Row disambiguation rules (§9.3 "first-unquoted-delimiter vs first-unquoted-colon") are unchanged: rows still contain only primitive values separated by the active delimiter, with no unquoted colons.

Examples

Before (current spec)

orders[2]:
  - id: 1
    customer:
      name: Alice
      country: DK
    total: 99
  - id: 2
    customer:
      name: Bob
      country: UK
    total: 149

After (proposed)

orders[2]{id,customer{name,country},total}:
  1,Alice,DK,99
  2,Bob,UK,149

Multiple nested columns

shipments[1]{id,sender{name,city},receiver{name,city}}:
  s1,ACME,Berlin,Globex,Oslo

Non-uniform column falls back

{ "entries": [
  { "id": 1, "meta": { "a": 1 } },
  { "id": 2, "meta": { "b": 2 } }
]}

meta has different keys per row, so the array is encoded in expanded list form (§9.4) exactly as in TOON v3.

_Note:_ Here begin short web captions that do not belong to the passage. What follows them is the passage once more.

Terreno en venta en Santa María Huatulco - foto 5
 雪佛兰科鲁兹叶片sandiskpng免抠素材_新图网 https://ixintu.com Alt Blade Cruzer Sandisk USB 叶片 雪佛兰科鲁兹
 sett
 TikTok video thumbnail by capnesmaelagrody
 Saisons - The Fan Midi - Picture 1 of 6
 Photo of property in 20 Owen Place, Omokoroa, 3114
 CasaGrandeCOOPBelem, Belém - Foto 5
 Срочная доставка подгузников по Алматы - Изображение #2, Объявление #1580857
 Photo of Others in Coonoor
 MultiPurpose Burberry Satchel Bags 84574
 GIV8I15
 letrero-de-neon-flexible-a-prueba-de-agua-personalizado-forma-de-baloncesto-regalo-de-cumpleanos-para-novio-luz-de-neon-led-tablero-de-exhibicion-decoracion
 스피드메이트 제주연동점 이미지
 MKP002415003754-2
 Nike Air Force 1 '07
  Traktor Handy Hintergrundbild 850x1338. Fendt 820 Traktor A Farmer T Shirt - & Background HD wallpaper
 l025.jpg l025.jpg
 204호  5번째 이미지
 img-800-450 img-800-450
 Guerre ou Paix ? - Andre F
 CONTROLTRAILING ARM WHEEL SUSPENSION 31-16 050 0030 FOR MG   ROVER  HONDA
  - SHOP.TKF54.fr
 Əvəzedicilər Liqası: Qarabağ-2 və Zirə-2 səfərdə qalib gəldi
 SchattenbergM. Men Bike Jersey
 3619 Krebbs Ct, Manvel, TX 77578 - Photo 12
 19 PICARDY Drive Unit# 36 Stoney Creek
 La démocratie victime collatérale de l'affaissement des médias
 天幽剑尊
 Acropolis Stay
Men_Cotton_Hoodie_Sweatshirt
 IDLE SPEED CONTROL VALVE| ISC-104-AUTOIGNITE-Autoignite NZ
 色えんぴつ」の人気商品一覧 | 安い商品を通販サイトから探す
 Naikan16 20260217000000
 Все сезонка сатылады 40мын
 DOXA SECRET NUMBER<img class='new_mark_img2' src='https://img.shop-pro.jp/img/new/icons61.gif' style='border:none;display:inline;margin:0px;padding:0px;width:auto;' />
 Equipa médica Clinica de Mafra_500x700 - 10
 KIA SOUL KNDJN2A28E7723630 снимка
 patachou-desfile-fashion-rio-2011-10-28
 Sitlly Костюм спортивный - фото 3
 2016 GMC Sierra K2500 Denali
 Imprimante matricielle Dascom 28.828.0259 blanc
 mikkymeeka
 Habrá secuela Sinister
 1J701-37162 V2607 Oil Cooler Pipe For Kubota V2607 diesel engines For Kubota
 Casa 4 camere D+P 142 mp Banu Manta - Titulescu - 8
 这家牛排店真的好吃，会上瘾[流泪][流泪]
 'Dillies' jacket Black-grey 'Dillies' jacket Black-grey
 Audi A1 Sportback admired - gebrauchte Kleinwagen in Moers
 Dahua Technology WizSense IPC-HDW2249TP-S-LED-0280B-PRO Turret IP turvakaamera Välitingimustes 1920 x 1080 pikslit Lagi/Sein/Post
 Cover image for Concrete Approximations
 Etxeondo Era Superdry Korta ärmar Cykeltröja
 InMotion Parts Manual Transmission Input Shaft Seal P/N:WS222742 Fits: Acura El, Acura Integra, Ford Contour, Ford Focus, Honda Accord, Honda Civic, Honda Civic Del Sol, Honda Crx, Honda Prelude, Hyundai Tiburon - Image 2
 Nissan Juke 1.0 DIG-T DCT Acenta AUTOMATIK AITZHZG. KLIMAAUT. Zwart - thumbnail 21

Alternative delimiter (pipe)

orders[2|]{id|customer{name|country}|total}:
  1|Alice|DK|99
  2|Bob|UK|149

Drawbacks

  • Header lines become denser and slightly harder for humans to scan when many columns are nested.
  • Decoder parsing of the fields segment needs brace-depth tracking, a small increase over the current flat split. (Reference implementation: ~50 LOC.)
  • Adds one more case to §9.3's detection logic; encoders must recurse over each column to classify it as primitive / nested-uniform / non-uniform.
  • Introduces a second mechanism for compressing nested structure alongside key folding (§13.4), which could feel redundant for the subset of shapes where both apply.
  • Decoders built for v3 will hard-fail on documents using the new syntax (unmatched {). That is the correct fail-closed behaviour for a format extension, but it does mean v3.0 and post-RFC implementations cannot freely mix.

Alternatives Considered

Alternative 1: Key folding (§13.4) only

Key folding collapses single-key chains into dotted paths. It does not help here because customer is not a single-key wrapper — it has multiple sibling keys (name, country). The two mechanisms are orthogonal: folding targets chains, this RFC targets groups.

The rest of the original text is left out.